# taz.de -- Macrons Rentenreform in Frankreich: Zermürbungstaktik und Abschussliste
       
       > Auch wenn die Linke und die Gewerkschaften dies nicht wahrhaben wollen:
       > Der Konflikt ums Pensionseintrittsalter ist zu Ende gegangen.
       
 (IMG) Bild: Aller Proteste zum Trotz setzt Emmanuel Macron seine Rentenreform durch
       
       Paris taz | Es ist kein Triumph, sondern ein Sieg nach Punkten dank einer
       monatelangen Strategie der Zermürbung. Staatspräsident Emmanuel Macron
       sieht sich als Gewinner eines außerordentlich harten Seilziehens um eine
       unpopuläre Rentenreform. Der Streit ist nicht wirklich beigelegt, der
       Widerstand gegen die Anhebung des gesetzlichen Pensionsalters von 62 auf 64
       Jahre hat sich in eine resignierte Wut verwandelt.

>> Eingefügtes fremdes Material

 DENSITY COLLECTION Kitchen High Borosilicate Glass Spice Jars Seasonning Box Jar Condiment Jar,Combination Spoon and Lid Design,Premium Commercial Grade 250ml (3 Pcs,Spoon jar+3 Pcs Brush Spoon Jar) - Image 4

Am letzten Montag war
       ein Misstrauensantrag der linken Union NUPES gegen die französische
       Regierung von Premierministerin Elisabeth Borne klar abgelehnt worden. Zum
       17. Male hatte die Opposition damit vergeblich versucht, die Regierung zu
       stürzen.
       
       Dieser erfolglose Misstrauensantrag am 12. Juni war das letzte
       parlamentarische Rückzugsgefecht der Opposition, die so allenfalls das
       Gesicht vor der Öffentlichkeit wahren möchte. Noch immer lehnt es in
       Frankreich eine deutliche Mehrheit der Bevölkerung ab, dass die Regierung
       das Rentenalter auf 64 Jahre angehoben hat, und mehr noch die Methoden, mit
       denen sie das – ohne Votum der Abgeordneten – durchgesetzt hat. Für die
       Gewerkschaften, die seit Januar in einer seltenen Eintracht gegen diesen
       Angriff auf „soziale Errungenschaften“ und die demokratischen Rechte
       gekämpft hatten, war ihr Aktionstag am 6. Juni der letzte einer langen
       Reihe. Ein „Schwanengesang“ der Reformgegner, kommentierten zahlreiche
       Medien.
       
       Von links muss Borne vorerst nicht viel befürchten. Die wirkliche Gefahr
       für sie kommt nicht von ihren verbitterten Gegnern, sondern von
       befreundeten Kreisen der Staatsführung, die gegenwärtig Gerüchte
       zirkulieren lassen, denen zufolge noch vor der Sommerpause als politische
       „Flurbereinigung“ eine große Regierungsumbildung samt Nominierung eines
       neuen Premiers anstehe. In den französischen Medien wird seit Tagen heftig
       über Bornes angebliche Ablösung spekuliert. Macron hätte ein echtes
       Interesse, mit einer neuen Equipe für die „Rentrée“ im September einen
       Neubeginn zu proklamieren. Das tönt plausibel, denn der Präsident hat zwar
       seinen Willen durchgesetzt, aber das hat ihn viel politisches Kapital
       gekostet und auch seine Regierung ist arg geschwächt.
       
       Dass ein Premierminister vom Präsidenten zur Besänftigung des Volkszorns
       geopfert wird, das hat in Frankreich eine lange Tradition. Borne hat loyal
       die von Macron beschlossene Linie verfolgt, obschon sie dem Vernehmen nach
       nicht immer zu 100 Prozent damit einverstanden war. Es wäre ein Zeichen
       krasser Undankbarkeit seitens des Staatschefs, sie jetzt fallen zu lassen.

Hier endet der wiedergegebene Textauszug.